MAKE COAST GAMING CAPITAL
Hannah Davies

With two months until the Olympic Esports Series finals in Singapore, one Gold Coast academic is calling for the Glitter Strip to become the future host of the Olympic event capable of thrusting Australia into the esports spotlight.

The Series, for which qualifications are already underway, will be held from June 22 to 25 and could give Australia the platform to transform its gaming industry into one of the best in the world.

Associate Professor of Creative Media at Bond University Dr James Birt said it would come down to our youth.

“For Australia to be competitive within the esports industry, which now encompasses the International Olympic Committee level of sport, we really do need to start growing our grassroots,” Dr Birt said.
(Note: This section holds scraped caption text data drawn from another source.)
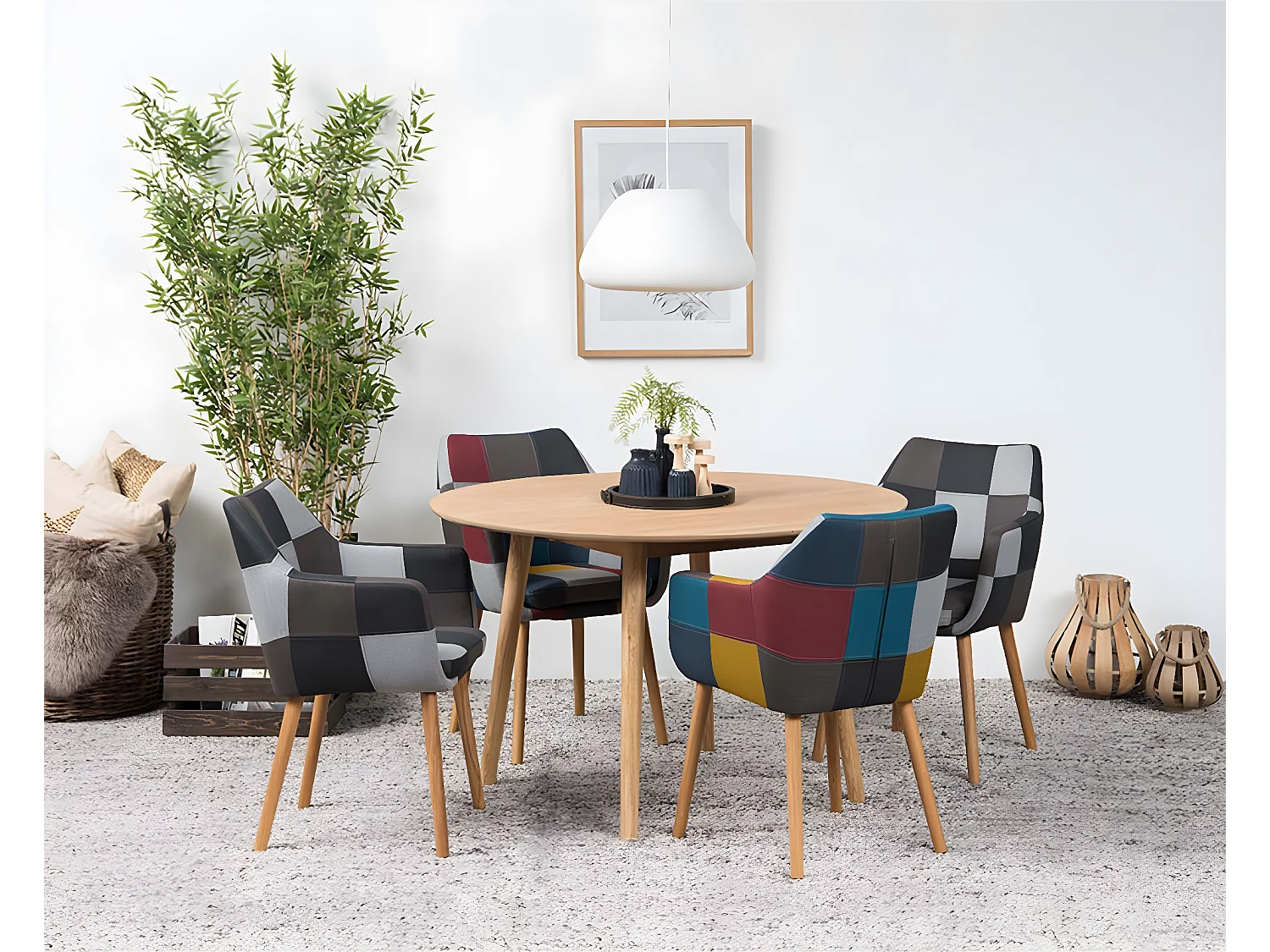 Noel Chaise de salle à manger en tissu patchwork de différentes couleurs avec pieds en chêne massif délavé.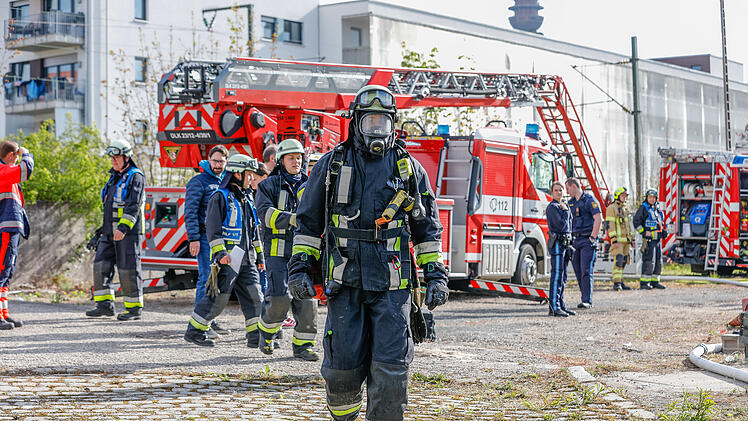 Feuer in unbewohntem Haus: Gebäude zur Hälfte in Vollbrand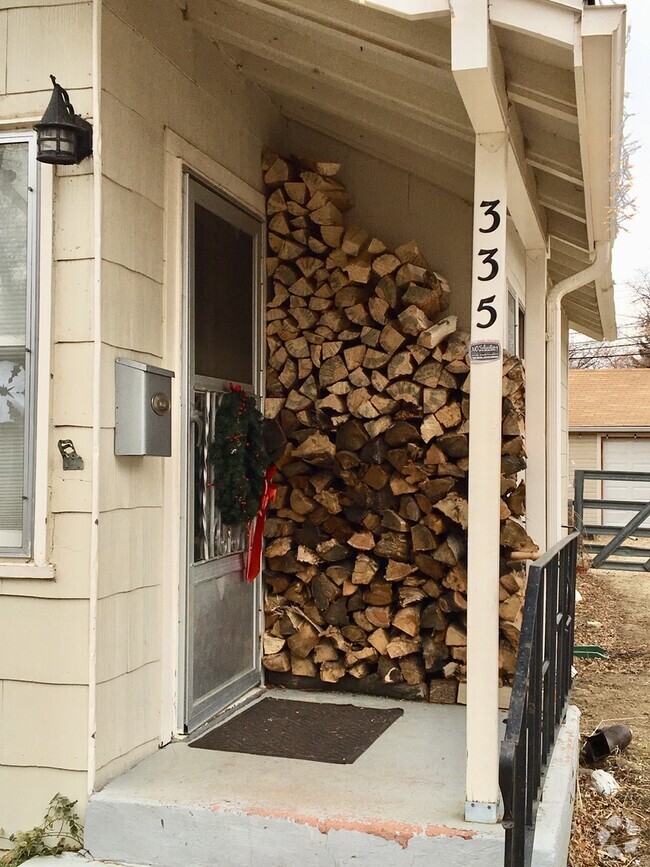 Building Photo - Adorable Cottage in Old Town Longmont with... Rental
“Playing games casually is wonderful, but if we want to start thinking about high performance, we need to be training high performance.”

Dr Birt said for Australian esports athletes, the very elite are currently getting their “break” from playing in international tournaments, rather than ones on home soil.
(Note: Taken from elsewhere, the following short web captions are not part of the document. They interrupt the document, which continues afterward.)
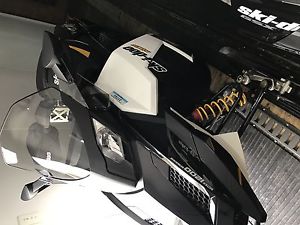 2011 SKI DOO MXZ X 1200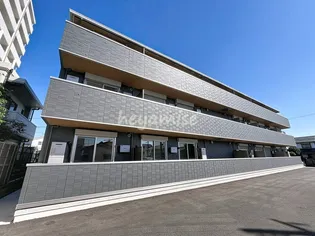 オーヴィラージュⅡ【105号室】の外観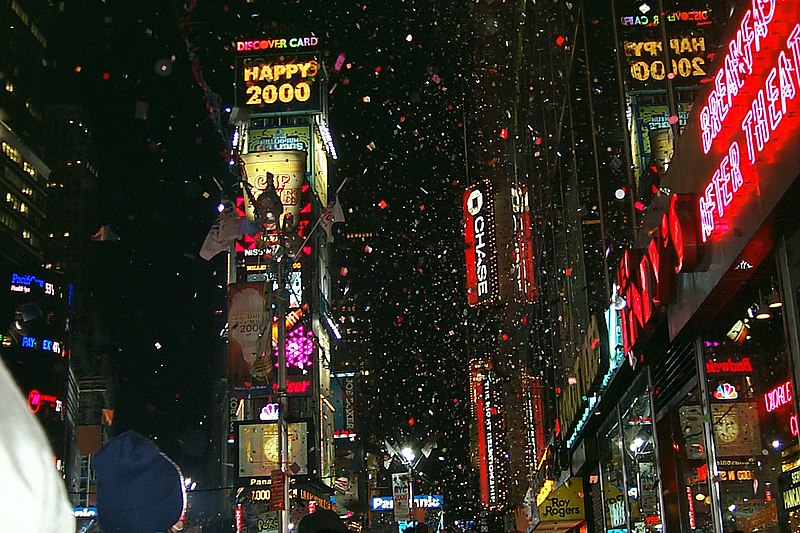 Archivo:Times Square on New Years' Eve 1999-2000, New York, USA.jpg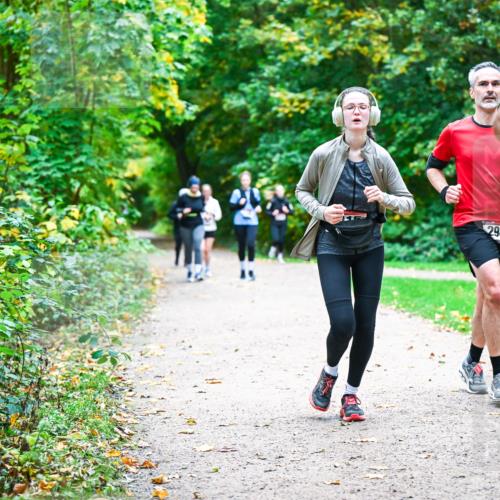 12.10.2025 - Bramfelder Halbmarathon 2025 Dr. Thomas Lammeyer http://msf.ph/oto/9360234 12.10.2025 11:11:16 Laufen 2987 meine-sportfotos.de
While Australia has found some level of success on the international stage, they are not yet winning tournaments.

And when teams do find success, international talent scouts quickly identify the best athletes and luring them over to overseas teams where the talent pool is greater, and the money more forthcoming.
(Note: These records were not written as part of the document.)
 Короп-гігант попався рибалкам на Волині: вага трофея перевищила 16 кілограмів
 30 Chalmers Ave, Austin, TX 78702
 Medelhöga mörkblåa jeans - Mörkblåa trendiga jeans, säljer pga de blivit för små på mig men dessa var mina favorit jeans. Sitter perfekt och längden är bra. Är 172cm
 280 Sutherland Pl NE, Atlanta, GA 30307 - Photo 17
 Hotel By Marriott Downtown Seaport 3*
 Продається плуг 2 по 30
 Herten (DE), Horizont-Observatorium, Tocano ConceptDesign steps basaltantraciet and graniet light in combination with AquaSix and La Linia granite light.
“The talent scouts are at those tournaments and have said Australian players are performing at elite levels, but they’re being essentially taken from Australian teams into international teams where the real money is, because we don’t yet have that level of industry here,” Dr Birt said.

“We have an emerging industry (in Australia) in certain sports, be that League of Legends or Call of Duty, but it’s now about building that local ecosystem, something akin to the AFL or the NRL – that kind of level.”

But unlike Australia’s football codes, esports doesn’t have decades of history and professionalism to draw upon.

“One of the biggest difficulties we have is because training (at a) high performance (level) means lots of hours playing, and we have this stigma around the idea of too much screen time.

“So we need to be looking at home how we can balance screen time with those other industries, whether it’s in psychology, diet, physical movement and connecting those other types of initiates around our grassroots.”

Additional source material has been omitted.